À coup sûr, Jean-Luc Mélenchon faciliterait la tâche de nombreux électeurs qui lui manquent en assumant une forme d’autocritique sur ses positions passées, et en sortant de son incantation sur la paix en lui donnant davantage de matérialité (...)
L’événement que constitue l’invasion de l’Ukraine y incite fortement. (...)
Si des clarifications seraient donc souhaitables pour encourager un supposé « vote utile » en faveur de Mélenchon, et que cet appel ne s’assimile pas à un chantage par défaut comme au temps des socialistes hégémoniques, d’autres clarifications seraient bienvenues du côté des Verts et du PS.
On l’a dit, il est tout à fait logique que le candidat insoumis soit critiqué sur sa vision des relations internationales. Pour autant, l’accuser d’être « l’allié et le soutien de Vladimir Poutine », comme l’a fait Anne Hidalgo, n’est pas digne de la gravité du moment, pas plus que le fait de le mettre dans le même sac que les candidatures d’extrême droite, lesquelles présentent des accointances idéologiques avec la politique intérieure du maître du Kremlin.

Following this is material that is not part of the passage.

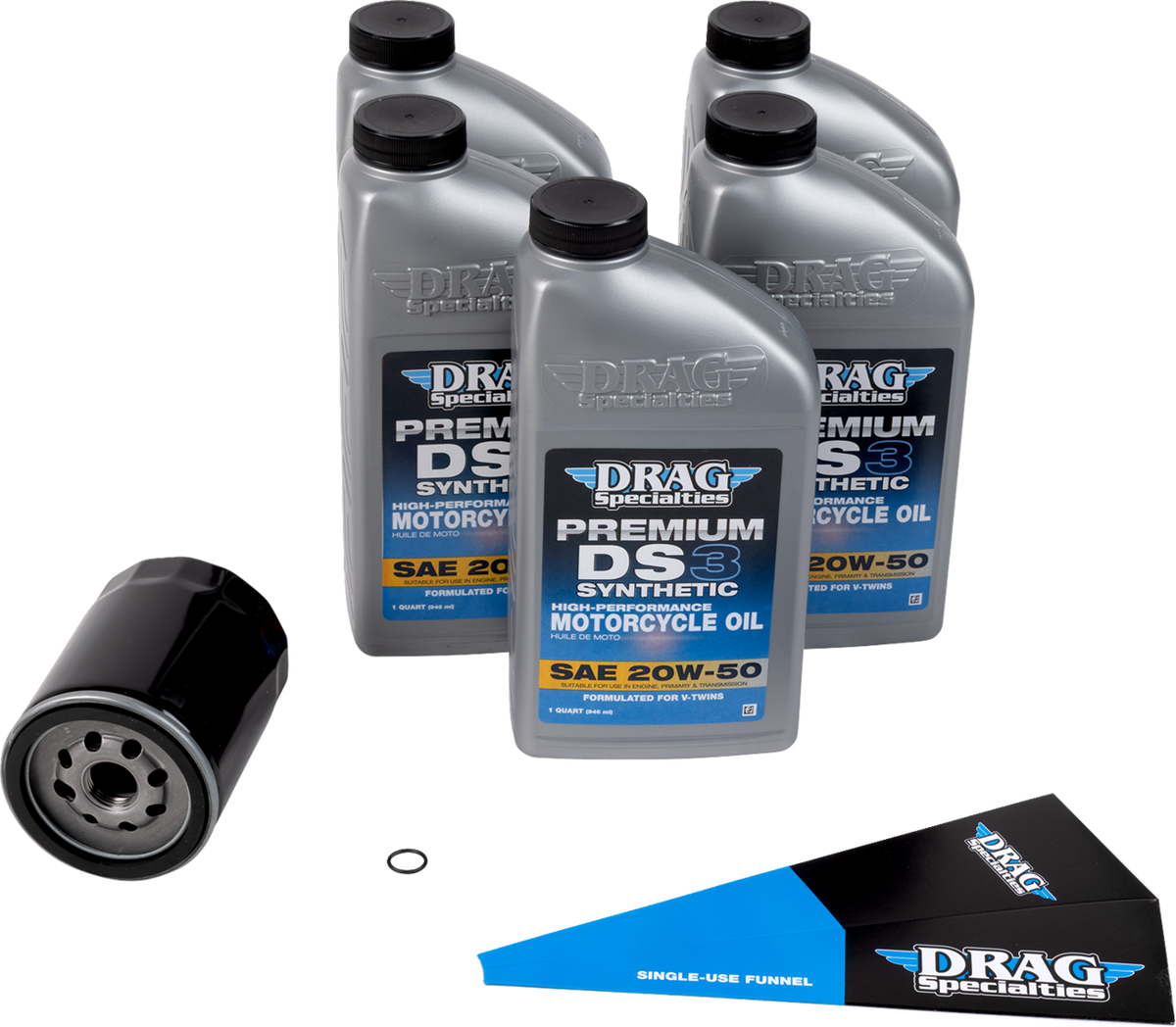 Drag Specialties Full Synthetic Oil Change Kit - 20W50 - M8 - Black Filter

Surtout, ces critiques sont parfois formulées comme la révélation d’une infamie définitive et rédhibitoire, alors que les déclarations les plus problématiques sont connues depuis des années. Elles donnent alors l’impression d’un nouveau prétexte pour décourager tout vote en faveur du pôle de la radicalité, dont la légitimité à gouverner a toujours été mise en doute par le centre-gauche, comme en témoigne la dernière saillie de François Hollande, préférant un « président utile » à un « vote utile ». (...)
S’il est trop tard pour une union des candidats, il est peut-être encore temps d’une union des votants derrière l’un d’entre eux, afin de concentrer stratégiquement ce que pèse encore ce camp derrière une seule force, qui aura ensuite la charge de construire un rassemblement. Encore faut-il que cette force offre des gages de responsabilité dans cette tâche.